(Records to use Opens)

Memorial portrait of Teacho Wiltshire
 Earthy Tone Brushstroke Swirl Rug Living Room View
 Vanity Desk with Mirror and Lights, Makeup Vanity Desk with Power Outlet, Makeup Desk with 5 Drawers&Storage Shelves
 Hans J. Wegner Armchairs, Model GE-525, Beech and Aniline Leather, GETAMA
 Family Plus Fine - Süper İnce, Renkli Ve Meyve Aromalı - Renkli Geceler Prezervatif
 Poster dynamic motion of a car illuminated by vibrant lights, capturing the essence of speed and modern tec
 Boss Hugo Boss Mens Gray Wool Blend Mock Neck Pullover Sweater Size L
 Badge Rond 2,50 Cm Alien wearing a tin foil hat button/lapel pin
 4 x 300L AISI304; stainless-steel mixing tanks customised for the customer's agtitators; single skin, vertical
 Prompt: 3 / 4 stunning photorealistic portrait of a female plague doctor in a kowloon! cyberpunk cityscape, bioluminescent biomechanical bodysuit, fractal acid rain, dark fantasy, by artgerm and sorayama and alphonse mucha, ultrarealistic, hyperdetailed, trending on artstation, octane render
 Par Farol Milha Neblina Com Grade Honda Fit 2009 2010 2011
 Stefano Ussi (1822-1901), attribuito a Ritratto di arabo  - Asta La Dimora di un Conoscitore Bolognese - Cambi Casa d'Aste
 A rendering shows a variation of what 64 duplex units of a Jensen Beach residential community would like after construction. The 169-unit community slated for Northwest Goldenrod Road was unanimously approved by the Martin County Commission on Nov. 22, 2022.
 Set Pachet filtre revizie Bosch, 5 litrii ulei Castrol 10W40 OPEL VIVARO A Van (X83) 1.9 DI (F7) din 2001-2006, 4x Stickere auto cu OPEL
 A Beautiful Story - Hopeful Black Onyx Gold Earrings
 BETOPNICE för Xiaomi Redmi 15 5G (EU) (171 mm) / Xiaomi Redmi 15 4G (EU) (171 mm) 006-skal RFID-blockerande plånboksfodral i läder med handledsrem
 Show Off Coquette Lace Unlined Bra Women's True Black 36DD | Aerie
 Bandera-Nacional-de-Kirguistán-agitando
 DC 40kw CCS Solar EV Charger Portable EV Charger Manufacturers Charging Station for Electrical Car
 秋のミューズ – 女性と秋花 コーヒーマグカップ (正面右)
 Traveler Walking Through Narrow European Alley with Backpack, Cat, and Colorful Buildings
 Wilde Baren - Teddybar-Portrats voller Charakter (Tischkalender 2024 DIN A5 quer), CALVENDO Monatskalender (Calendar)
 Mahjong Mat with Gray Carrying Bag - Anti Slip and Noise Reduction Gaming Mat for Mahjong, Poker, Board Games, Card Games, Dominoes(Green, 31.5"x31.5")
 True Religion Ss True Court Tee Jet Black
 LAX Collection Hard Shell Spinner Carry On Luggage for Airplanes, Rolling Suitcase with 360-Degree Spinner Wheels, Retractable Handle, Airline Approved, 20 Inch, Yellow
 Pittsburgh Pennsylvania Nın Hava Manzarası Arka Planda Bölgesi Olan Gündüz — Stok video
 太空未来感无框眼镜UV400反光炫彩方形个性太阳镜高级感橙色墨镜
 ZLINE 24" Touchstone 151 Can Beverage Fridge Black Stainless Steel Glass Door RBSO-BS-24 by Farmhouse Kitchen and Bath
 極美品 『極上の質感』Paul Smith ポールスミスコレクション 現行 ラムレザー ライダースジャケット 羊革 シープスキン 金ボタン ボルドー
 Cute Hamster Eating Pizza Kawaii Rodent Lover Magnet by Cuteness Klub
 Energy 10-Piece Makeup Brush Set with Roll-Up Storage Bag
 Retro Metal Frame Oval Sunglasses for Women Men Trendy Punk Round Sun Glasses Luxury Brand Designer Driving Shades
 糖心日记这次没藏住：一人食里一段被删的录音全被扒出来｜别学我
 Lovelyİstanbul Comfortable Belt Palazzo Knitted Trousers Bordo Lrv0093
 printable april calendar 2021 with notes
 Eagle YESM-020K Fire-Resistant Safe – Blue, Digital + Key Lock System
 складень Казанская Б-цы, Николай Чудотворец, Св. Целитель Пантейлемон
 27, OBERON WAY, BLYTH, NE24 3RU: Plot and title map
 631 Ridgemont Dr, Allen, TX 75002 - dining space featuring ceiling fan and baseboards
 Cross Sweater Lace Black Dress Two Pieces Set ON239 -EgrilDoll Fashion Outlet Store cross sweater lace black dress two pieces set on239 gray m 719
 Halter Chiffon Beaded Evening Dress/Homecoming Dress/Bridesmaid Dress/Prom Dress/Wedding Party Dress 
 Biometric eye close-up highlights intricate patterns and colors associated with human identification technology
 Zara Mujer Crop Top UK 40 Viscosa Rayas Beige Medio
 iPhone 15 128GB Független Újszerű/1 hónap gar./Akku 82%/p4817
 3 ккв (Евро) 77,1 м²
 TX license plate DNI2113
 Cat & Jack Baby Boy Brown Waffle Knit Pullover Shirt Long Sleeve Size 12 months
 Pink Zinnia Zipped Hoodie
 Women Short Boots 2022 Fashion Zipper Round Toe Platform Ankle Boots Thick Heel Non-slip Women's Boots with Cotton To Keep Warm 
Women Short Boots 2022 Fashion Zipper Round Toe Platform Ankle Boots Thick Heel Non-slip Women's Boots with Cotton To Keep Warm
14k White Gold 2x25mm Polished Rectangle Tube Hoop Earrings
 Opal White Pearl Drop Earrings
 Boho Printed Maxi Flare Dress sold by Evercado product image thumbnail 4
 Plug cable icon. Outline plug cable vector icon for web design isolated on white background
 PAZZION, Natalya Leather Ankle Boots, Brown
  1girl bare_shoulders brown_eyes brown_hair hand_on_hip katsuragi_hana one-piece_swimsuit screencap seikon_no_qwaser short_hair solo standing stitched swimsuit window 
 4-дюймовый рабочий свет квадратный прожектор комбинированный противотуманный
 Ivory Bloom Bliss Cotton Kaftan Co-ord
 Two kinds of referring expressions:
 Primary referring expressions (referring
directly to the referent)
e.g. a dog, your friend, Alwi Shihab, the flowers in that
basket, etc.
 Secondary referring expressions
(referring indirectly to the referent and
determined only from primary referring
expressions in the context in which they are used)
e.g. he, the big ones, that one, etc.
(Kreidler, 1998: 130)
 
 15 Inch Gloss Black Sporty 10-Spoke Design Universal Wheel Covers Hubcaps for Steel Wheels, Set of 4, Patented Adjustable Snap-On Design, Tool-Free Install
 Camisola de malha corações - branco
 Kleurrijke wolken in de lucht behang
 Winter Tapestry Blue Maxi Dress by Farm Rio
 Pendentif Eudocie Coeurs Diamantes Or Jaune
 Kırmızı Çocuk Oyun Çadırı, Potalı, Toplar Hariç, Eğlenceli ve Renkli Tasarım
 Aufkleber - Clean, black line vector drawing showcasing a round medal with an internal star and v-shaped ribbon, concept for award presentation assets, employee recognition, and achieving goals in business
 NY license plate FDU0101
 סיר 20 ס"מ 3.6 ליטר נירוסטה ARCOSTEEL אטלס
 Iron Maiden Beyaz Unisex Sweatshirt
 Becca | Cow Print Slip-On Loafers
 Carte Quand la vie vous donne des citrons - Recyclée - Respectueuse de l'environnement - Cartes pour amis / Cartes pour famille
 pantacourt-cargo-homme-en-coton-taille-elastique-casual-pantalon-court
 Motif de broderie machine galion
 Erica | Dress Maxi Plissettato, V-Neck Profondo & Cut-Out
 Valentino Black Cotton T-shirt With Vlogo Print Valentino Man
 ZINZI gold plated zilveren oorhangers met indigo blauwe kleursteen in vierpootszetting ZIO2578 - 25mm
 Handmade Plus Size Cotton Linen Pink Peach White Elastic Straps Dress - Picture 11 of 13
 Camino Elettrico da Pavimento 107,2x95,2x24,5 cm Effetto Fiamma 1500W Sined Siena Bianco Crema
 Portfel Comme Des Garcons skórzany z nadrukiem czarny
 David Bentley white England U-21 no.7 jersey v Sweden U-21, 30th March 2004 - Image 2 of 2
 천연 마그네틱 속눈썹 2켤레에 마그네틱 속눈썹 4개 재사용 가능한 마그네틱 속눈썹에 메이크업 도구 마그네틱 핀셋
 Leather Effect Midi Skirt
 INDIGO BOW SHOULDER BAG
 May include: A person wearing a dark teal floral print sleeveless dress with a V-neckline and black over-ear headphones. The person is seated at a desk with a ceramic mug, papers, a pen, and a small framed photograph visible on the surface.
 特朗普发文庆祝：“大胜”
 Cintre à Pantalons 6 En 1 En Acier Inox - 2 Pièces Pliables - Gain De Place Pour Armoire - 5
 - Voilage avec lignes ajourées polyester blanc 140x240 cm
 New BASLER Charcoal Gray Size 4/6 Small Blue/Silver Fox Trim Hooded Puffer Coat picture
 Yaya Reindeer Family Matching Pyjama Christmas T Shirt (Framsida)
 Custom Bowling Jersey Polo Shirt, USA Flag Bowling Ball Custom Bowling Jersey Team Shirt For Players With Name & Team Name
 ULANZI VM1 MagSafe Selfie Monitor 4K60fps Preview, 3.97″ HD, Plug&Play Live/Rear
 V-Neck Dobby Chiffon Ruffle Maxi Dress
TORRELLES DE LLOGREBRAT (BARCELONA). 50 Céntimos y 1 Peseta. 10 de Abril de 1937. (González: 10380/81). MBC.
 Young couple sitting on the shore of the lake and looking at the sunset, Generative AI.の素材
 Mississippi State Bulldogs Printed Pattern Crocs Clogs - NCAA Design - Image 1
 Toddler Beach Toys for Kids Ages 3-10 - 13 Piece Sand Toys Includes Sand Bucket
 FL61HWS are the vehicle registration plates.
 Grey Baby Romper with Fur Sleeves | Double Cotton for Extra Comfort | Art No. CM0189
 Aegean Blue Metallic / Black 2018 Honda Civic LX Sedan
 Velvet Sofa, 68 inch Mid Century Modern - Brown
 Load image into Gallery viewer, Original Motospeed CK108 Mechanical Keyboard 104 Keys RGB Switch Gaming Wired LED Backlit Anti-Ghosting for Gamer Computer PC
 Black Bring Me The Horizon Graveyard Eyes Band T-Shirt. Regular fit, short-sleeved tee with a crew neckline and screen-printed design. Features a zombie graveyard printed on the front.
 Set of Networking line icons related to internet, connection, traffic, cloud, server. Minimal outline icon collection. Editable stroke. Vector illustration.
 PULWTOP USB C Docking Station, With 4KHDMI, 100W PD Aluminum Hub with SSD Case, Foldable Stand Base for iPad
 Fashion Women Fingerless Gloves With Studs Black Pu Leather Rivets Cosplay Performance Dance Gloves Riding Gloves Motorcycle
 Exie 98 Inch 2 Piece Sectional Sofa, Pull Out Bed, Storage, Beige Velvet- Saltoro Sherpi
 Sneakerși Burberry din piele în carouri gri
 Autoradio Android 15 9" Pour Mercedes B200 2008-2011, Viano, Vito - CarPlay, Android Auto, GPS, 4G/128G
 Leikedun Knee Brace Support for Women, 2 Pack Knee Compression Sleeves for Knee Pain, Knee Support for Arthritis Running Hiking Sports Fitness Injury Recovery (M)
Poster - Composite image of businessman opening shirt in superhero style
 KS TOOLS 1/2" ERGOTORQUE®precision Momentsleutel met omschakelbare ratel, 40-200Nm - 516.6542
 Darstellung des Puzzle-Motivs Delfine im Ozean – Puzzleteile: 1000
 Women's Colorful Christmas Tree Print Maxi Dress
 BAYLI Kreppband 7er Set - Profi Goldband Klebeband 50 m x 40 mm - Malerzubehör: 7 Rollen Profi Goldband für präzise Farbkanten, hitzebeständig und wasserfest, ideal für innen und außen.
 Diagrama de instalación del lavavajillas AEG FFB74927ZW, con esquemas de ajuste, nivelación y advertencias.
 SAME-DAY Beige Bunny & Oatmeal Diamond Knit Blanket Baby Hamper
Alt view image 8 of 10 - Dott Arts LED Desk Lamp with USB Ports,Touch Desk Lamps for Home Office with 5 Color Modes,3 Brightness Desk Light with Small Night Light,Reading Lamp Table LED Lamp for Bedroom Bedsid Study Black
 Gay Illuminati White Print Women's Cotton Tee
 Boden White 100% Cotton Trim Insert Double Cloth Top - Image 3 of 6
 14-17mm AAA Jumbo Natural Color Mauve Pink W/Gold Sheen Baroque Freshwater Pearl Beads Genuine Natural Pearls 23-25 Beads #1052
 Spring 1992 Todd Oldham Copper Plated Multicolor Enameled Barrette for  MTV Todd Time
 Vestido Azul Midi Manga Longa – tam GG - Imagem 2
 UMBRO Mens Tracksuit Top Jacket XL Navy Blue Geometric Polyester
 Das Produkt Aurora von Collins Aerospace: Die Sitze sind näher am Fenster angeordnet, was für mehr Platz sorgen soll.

(Records to use Closes)

_Directions for this task_
Begin at the line that has "Show Off Coquette" in the entries above; stop after the line that has "Traveler Walking Through". Transcribe exactly those lines and no others.

_Response area_
 Show Off Coquette Lace Unlined Bra Women's True Black 36DD | Aerie
 Bandera-Nacional-de-Kirguistán-agitando
 DC 40kw CCS Solar EV Charger Portable EV Charger Manufacturers Charging Station for Electrical Car
 秋のミューズ – 女性と秋花 コーヒーマグカップ (正面右)
 Traveler Walking Through Narrow European Alley with Backpack, Cat, and Colorful Buildings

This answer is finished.